DOI:10.1016/j.cmet.2018.04.022
PMID:29805099
原文链接:https://pmc.ncbi.nlm.nih.gov/articles/PMC6238219/
Abstract

Myeloid-derived suppressor cells (MDSCs) inhibit anti-tumor immunity. Aerobic glycolysis is a hallmark of cancer. However, the link between MDSCs and glycolysis is unknown in patients with triple-negative breast cancer (TNBC).
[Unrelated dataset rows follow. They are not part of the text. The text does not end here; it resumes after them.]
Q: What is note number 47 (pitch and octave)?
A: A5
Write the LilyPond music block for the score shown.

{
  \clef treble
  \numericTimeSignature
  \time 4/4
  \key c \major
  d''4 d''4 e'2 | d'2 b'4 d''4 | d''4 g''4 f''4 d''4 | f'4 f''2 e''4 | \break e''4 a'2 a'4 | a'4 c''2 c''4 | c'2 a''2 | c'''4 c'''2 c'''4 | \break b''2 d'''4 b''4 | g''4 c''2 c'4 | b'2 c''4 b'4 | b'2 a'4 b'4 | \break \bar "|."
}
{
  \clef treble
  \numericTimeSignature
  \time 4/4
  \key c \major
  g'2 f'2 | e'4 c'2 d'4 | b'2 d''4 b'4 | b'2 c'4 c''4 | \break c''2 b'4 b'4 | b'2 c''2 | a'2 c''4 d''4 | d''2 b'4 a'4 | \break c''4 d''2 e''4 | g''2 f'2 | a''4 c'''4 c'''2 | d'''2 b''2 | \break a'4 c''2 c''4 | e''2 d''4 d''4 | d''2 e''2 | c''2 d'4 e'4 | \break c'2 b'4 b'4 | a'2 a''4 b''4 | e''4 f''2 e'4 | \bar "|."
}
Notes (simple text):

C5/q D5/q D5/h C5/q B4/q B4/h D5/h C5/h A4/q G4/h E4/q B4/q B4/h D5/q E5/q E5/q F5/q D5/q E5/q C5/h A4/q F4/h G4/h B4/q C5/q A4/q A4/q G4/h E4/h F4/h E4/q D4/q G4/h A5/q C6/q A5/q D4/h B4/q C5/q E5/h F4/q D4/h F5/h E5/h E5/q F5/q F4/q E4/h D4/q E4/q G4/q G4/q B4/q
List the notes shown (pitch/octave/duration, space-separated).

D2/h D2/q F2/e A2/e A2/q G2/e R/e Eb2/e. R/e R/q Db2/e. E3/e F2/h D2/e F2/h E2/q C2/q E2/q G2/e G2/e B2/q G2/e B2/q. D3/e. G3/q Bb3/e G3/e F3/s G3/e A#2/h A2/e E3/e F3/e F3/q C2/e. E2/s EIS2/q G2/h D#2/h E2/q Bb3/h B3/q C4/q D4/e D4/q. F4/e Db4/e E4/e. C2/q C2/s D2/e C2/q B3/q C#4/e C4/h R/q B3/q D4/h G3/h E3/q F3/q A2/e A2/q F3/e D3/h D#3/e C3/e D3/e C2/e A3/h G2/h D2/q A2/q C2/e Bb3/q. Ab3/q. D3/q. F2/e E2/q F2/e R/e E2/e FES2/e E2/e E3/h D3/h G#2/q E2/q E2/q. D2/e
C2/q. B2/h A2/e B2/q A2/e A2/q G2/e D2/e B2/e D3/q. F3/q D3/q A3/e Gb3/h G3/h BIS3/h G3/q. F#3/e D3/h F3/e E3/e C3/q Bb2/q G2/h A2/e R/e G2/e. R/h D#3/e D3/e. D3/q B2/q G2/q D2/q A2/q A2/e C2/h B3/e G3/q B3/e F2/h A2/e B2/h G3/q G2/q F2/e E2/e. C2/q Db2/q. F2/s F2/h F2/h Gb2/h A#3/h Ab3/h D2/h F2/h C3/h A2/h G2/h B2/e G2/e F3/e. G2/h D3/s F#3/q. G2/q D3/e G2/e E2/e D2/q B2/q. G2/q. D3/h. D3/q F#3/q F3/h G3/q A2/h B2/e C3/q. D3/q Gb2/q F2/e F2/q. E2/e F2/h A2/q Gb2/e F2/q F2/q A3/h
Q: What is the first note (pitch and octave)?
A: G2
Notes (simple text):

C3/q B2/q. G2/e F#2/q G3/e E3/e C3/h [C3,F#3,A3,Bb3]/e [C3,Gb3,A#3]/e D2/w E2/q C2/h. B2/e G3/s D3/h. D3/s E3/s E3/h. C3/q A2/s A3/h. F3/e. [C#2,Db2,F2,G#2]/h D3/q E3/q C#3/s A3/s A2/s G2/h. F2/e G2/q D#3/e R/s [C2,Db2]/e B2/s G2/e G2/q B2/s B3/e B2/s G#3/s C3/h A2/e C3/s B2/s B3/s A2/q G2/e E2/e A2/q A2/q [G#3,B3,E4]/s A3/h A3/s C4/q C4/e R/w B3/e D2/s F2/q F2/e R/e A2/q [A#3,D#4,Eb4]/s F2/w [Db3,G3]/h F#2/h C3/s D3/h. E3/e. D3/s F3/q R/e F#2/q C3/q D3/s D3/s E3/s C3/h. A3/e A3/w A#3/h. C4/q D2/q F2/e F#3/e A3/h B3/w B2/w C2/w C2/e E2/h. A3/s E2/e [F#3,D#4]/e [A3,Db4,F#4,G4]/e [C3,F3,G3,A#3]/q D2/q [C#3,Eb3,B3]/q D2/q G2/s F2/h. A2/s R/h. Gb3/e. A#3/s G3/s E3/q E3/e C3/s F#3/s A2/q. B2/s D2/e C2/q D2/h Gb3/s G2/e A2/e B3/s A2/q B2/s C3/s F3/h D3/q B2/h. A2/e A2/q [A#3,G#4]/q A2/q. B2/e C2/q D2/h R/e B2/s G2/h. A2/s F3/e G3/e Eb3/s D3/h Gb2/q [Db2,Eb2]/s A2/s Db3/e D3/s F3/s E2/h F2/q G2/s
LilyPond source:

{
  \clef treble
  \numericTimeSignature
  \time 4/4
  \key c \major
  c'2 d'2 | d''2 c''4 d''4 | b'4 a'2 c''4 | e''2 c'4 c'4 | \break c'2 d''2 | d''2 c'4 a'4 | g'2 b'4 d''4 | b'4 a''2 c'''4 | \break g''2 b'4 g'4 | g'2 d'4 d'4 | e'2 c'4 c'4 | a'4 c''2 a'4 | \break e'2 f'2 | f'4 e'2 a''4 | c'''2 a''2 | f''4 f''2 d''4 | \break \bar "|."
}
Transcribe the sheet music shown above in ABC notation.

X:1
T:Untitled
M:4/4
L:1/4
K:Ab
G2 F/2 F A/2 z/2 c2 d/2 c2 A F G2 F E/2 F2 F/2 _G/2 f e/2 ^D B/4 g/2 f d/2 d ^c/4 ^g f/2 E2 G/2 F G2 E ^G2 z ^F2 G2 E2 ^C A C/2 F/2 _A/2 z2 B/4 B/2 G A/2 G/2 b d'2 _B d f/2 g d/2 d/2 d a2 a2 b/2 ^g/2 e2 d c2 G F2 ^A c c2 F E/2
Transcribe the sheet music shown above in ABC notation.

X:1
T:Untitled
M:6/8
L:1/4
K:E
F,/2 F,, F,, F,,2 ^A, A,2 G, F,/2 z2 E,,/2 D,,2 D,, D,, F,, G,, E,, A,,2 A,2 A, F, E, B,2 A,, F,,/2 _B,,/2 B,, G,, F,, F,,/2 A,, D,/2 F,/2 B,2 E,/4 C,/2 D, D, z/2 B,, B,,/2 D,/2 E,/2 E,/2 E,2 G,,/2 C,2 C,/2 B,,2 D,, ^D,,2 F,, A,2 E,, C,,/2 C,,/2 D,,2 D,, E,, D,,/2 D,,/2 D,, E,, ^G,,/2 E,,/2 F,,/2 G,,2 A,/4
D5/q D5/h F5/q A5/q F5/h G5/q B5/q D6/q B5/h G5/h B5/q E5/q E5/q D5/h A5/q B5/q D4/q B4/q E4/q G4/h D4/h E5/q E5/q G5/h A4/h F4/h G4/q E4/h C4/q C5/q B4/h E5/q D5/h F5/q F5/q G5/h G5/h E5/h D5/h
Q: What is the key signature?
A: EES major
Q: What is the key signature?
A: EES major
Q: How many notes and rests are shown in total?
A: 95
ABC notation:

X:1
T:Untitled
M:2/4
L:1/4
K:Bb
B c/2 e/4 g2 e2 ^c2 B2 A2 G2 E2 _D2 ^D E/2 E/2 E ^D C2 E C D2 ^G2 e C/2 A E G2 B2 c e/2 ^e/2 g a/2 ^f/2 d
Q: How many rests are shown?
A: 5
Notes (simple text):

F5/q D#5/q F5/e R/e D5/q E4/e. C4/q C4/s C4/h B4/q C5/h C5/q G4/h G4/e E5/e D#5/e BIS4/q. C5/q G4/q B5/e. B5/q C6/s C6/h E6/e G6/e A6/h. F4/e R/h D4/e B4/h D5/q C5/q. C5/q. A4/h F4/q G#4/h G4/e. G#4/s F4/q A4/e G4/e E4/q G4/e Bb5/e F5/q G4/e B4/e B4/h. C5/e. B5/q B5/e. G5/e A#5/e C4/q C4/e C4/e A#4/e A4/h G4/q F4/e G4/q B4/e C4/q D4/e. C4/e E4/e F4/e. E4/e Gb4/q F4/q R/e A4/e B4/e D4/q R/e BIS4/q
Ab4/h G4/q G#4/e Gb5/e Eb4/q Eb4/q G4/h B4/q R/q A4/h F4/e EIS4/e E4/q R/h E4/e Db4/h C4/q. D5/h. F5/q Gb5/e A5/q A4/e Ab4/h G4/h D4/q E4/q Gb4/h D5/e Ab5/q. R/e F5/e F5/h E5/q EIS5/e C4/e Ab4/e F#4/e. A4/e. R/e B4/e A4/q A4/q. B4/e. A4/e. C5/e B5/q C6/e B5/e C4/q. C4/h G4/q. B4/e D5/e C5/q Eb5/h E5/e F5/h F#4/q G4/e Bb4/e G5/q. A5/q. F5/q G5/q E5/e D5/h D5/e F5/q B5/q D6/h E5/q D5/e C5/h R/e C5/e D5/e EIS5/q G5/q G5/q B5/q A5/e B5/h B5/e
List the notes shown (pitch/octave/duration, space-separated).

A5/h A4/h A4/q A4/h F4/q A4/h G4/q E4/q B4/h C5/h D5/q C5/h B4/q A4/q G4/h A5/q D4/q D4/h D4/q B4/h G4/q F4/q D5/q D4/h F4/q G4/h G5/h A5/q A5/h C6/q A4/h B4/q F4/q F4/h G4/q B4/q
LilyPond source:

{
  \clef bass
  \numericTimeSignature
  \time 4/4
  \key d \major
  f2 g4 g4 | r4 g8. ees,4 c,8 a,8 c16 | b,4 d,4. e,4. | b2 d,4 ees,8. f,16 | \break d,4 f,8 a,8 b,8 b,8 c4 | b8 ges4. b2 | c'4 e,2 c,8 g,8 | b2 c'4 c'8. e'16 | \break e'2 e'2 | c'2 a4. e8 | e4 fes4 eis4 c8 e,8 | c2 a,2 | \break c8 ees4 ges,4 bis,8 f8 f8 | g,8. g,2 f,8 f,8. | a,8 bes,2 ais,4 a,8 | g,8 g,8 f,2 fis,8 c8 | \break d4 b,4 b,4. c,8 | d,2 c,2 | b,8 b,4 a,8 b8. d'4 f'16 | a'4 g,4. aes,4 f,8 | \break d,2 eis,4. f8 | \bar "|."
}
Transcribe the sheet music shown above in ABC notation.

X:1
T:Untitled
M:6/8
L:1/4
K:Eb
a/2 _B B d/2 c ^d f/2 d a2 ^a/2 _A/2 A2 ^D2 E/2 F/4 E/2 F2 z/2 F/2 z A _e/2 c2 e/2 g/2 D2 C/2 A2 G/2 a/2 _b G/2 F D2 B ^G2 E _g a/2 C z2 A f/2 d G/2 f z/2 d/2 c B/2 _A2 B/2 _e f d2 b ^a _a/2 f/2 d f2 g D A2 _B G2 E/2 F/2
Here, we detect abundant glycolytic activities in human TNBC. In two TNBC mouse models, 4T1 and Py8119, glycolysis restriction inhibits tumor granulocyte colony-stimulating factor (G-CSF) and granulocyte macrophage colony-stimulating factor (GM-CSF) expression and reduces MDSCs. These are accompanied with enhanced T cell immunity, reduced tumor growth and metastasis, and prolonged mouse survival. Mechanistically, glycolysis restriction represses the expression of a specific CCAAT/enhancer-binding protein beta (CEBPB) isoform, liver-enriched activator protein (LAP), via the AMP-activated protein kinase (AMPK)-ULK1 and autophagy pathways, whereas LAP controls G-CSF and GM-CSF expression to support MDSC development. Glycolytic signatures that include lactate dehydrogenase A correlate with high MDSCs and low T cells, and are associated with poor human TNBC outcome. Collectively, tumor glycolysis orchestrates a molecular network of the AMPK-ULK1, autophagy, and CEBPB pathways to affect MDSCs and maintain tumor immunosuppression.

摘要

髓系来源的抑制细胞(MDSCs)抑制抗肿瘤免疫。有氧糖酵解是癌症的一个标志。然而,在三阴性乳腺癌(TNBC)患者中,MDSCs 与糖酵解之间的联系尚不清楚。在这里,我们在人类 TNBC 中检测到丰富的糖酵解活性。在两种 TNBC 小鼠模型(4T1 和 Py8119)中,糖酵解限制抑制肿瘤粒细胞集落刺激因子(G-CSF)和粒细胞巨噬细胞集落刺激因子(GM-CSF)的表达,并减少 MDSCs。这伴随着增强的 T 细胞免疫、减少肿瘤生长和转移以及延长小鼠存活。从机制上讲,糖酵解限制通过 AMP 激活蛋白激酶(AMPK)-ULK1 和自噬途径抑制特定的 CCAAT/增强子结合蛋白β(CEBPB)异构体肝丰富激活蛋白(LAP)的表达,而 LAP 控制 G-CSF 和 GM-CSF 的表达以支持 MDSC 的发育。包括乳酸脱氢酶 A 在内的糖酵解特征与高 MDSCs 和低 T 细胞相关,并与人类 TNBC 的不良预后相关。总的来说,肿瘤糖酵解协调了 AMPK-ULK1、自噬和 CEBPB 途径的分子网络,以影响 MDSC 并维持肿瘤免疫抑制。